Originally Posted by
Harold_4074
Okay, compose an 8x10 head shot with your 360 f/6.5, stop your 300mm f/2.8 down to f/6.5, and make the same picture full-frame in the DSLR. I expect that the angle subtended by the DSLR lens will be considerably smaller than that subtended by the LF lens, so the perspective and illumination quality will not be the same. I think that this is close to what the text I remember was describing, since at the time the book was written the corresponding comparison might have been between a 6x6 TLR or a 35mm SLR and something like the 405mm Kodak Portrait.

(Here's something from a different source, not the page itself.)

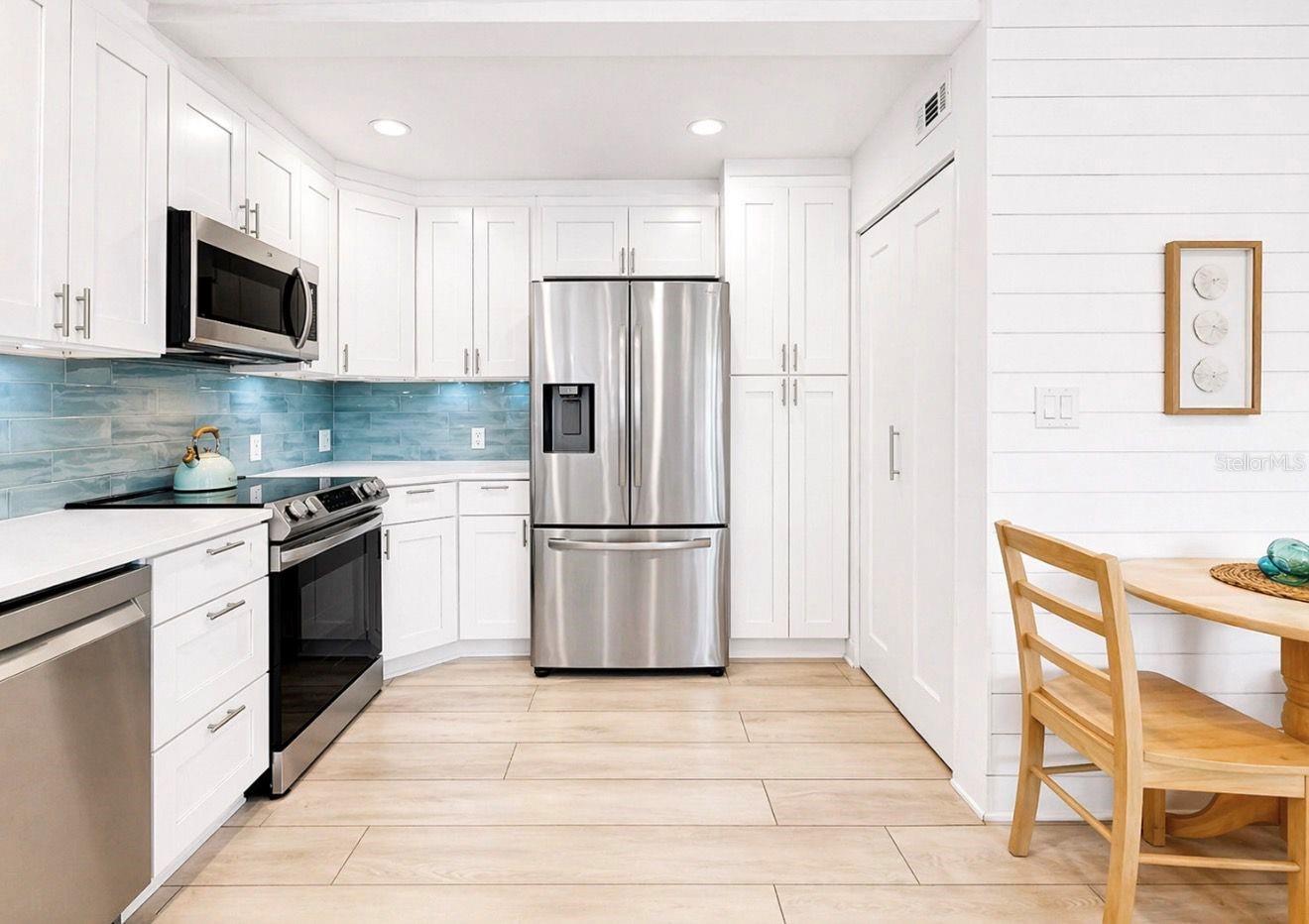 Image 8 of 62 For 8096 Glenbrooke Lane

If the authors were correct, the format does matter because the other imaging parameters are not completely independent of the film (or, today, sensor) size.
I admit to having phrased the original argument (dating from probably the 1960s) to rule out things like multiple digital images being merged or assembled to give the effect of a large front element without perspective problems; this is partly because I spent some time trying to figure out how to do exactly that, and concluded that only a mannikin head (are you reading, this, Randy Moe?) would have the patience and ability to hold still long enough. I gave this up when I realized that translating the small-format lens radially takes the optical axis with it, so that combining the array of images would give a third type of image, not a simulation of either the large, fast SLR or the large, slow LF lenses.